- The House Financial Services Committee dubbed the week of July 14 as Crypto Week, a period to deliberate on key digital asset legislations.
- Lawmakers will deliberate on the CLARITY bill, the CBDC Anti-Surveillance State Act, and the GENIUS bill.
- Progress around the bills could trigger a rise in digital assets like Bitcoin, Ethereum and Solana.
The US House is set to hold a final stage of consideration for key crypto regulatory bills the week of July 14, which could mark a pivotal moment for the industry.
Historic Crypto Week could prove critical digital assets
The crypto market is poised for a wave of volatility in the coming weeks as the US House of Representatives is set to deliberate on three key bills addressing digital asset regulations.
House Financial Services Committee Chairman French Hill and House Agriculture Committee Chairman Glenn 'GT' Thompson, in coordination with House Leadership, have officially declared the week of July 14 as 'Crypto Week,' according to a press release on Thursday.
Crypto Week is expected to spotlight digital asset regulations and advance key legislative efforts in the crypto industry. House lawmakers will consider the GENIUS bill, the CLARITY bill, and the Anti-CBDC Surveillance State Act all in the same week, boosting expectations that crypto regulations will reach President Trump's desk before the August recess.
"We are taking historic steps to ensure the United States remains the world's leader in innovation and I look forward to 'Crypto Week' in the House," wrote Rep French Hill in the press release.
The GENIUS and CLARITY bills are focused on regulating cryptocurrency issuance and establishing a comprehensive regulatory framework for digital assets in the US.
The GENIUS bill specifically targets stablecoins, requiring issuers to hold full reserves backed by the Federal Reserve, as well as comply with anti-money laundering (AML) laws to ensure consumer protection and market stability.
Bernstein previously stated that if passed, the legislation would pave the way for stablecoins to evolve "from the money rail of crypto to the money rail of the internet." The research firm predicted that the stablecoin market could hit a $4 trillion valuation in the next 10 years.
Standard Chartered also maintained a similar position, forecasting that stablecoins could see nearly a tenfold rise to $2 trillion by the end of 2028. However, JPMorgan experts debunked the forecasts, dropping their estimates to $500 billion by 2028.
Meanwhile, the CLARITY bill, also known as the market structure bill, aims to provide clear guidance for the broader cryptocurrency market, encompassing cryptocurrencies, digital commodities, and decentralized finance (DeFi).

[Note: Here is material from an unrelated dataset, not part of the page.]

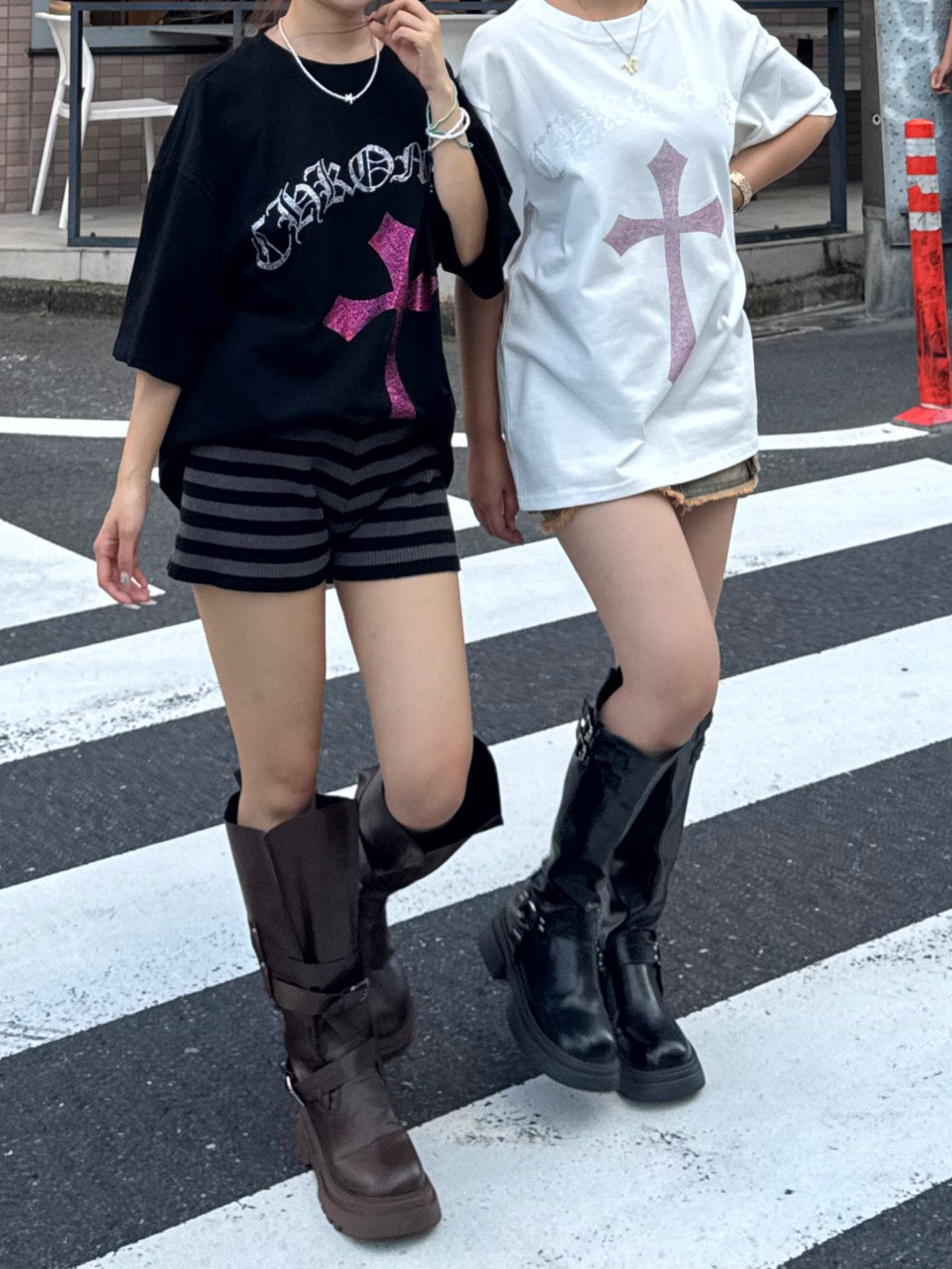 【即納】クロスストーンオーバーサイズTシャツ DPB73666S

The bill also clarifies the regulatory jurisdiction of the Securities and Exchange Commission (SEC) and the Commodity Futures Trading Commission (CFTC) over cryptocurrencies.
On the other hand, the Anti-CBDC Surveillance State Act is a bill that aims to restrict the Federal Reserve (Fed) from developing, issuing, or using a Central Bank Digital Currency (CBDC) for monetary purposes.
Progress on each of the proposed bills could spark a surge in top cryptocurrencies such as Bitcoin (BTC), Ethereum (ETH), XRP, BNB, Solana (SOL) and Tron (TRX). Most of these Layer 1 tokens could benefit from the legislation, as they lead in several key metrics across the stablecoin and DeFi sectors.
However, it's important to be cautious of price movements in such times as cryptocurrencies sometimes follow a "buy the rumor, sell the news" pattern, where the market rises in anticipation of a key bullish event and then begins crashing as the event approaches.
By reducing long-standing regulatory uncertainty, the various crypto legislation could pave the way for increased participation from institutional and traditional investors.